Die Technik der Original-Flachdruckgrafik stand auch für den gesellschaftlichen Aufbruch nach 1968, als diese preiswerter herzustellende Originalgrafik ein Weg für die Realisierung der Losung „Kunst für alle!“ zu sein schien. Die von V.O. Stomps gegründete Eremiten Presse schaffte so preiswerte Buchkunst in großer Qualität, in Österreich produziert das Pendant, die Edition Thurnhoff, die Reihe Oxohyphe nach wie vor auf dem gleichen hohen Niveau.
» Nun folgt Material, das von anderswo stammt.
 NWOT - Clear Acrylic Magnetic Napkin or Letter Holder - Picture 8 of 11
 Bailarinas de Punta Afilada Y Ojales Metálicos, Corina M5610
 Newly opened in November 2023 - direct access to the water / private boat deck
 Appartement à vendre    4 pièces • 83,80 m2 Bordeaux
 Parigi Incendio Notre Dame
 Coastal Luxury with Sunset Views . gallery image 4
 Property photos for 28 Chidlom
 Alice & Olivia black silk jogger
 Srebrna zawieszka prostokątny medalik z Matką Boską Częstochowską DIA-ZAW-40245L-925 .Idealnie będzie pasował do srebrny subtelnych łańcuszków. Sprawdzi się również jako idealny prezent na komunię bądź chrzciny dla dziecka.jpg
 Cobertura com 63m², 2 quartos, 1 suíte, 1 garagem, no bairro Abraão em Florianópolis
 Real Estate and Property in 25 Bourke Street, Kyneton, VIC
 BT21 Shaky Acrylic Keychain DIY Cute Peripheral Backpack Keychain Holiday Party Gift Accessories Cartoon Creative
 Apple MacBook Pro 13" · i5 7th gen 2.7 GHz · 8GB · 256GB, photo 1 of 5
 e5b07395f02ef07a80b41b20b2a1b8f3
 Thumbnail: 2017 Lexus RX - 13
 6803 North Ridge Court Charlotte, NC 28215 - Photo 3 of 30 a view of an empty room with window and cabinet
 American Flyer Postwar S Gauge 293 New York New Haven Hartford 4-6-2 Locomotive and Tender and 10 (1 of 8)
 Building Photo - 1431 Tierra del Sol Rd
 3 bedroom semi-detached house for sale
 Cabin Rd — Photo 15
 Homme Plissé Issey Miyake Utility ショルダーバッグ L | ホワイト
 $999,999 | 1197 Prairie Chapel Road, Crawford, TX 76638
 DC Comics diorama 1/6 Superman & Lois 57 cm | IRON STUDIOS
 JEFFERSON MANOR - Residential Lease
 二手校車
Wenn man auf die hier versammelten Namen blickt, wird schnell klar, dass diese grafische Technik zum Alltag der Künstler aller Generationen gehört: Es geht von Erhard Göttlicher bis Thomas M. Müller, von Tomi Ungerer bis Klaus Böttger, von Jeanne Mammen bis Angela Hampel, von Günther Uecker bis Franziska Neubert, von Susanne Melchert bis Helge Leiberg.